_Your instructions_: No picture belongs in the answer, which must hold exactly the lines from the one with "Mont Megantic - Chalet Le Madison" through the final line below.

BEGIN Data block

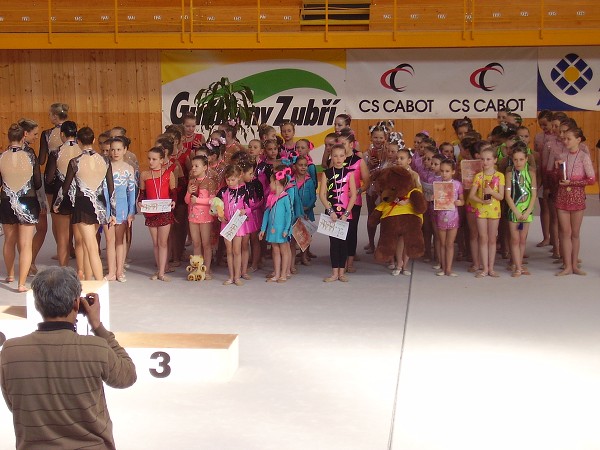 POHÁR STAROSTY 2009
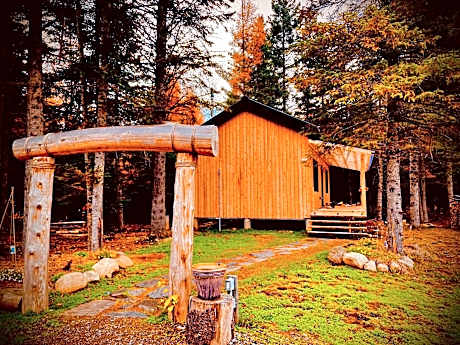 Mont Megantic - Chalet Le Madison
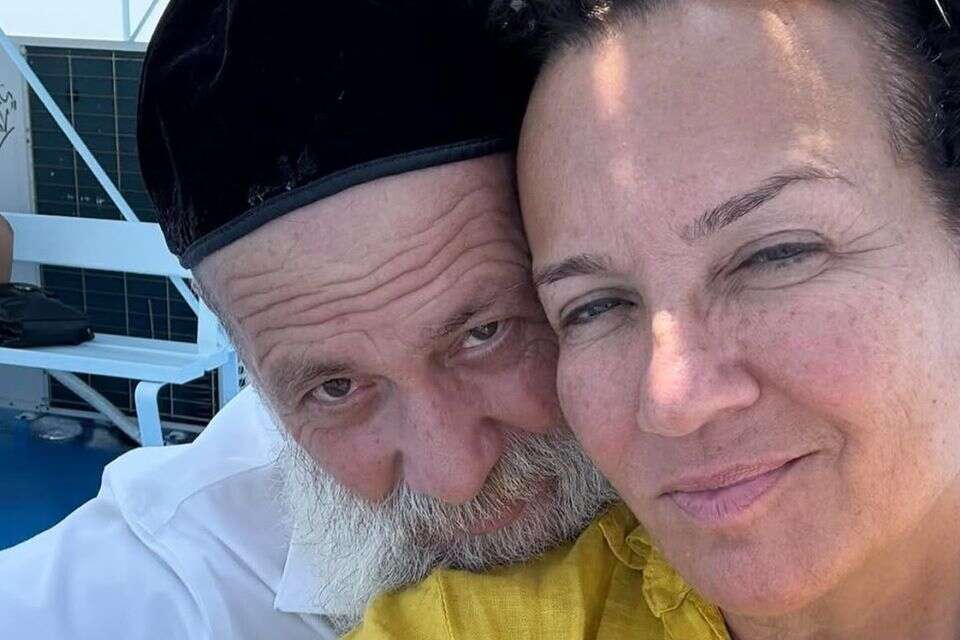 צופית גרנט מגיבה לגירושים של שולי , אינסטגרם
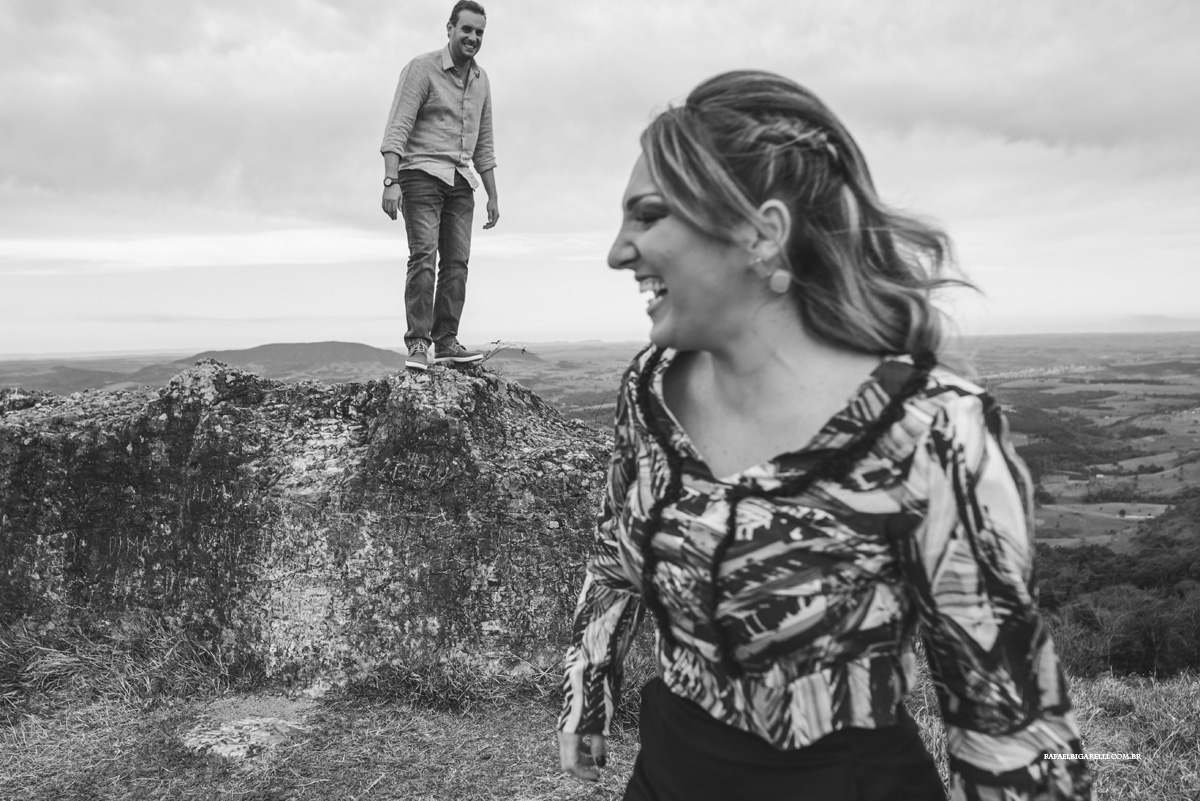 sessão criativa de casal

END Data block

_Your solution_:
 Mont Megantic - Chalet Le Madison
 צופית גרנט מגיבה לגירושים של שולי , אינסטגרם
 sessão criativa de casal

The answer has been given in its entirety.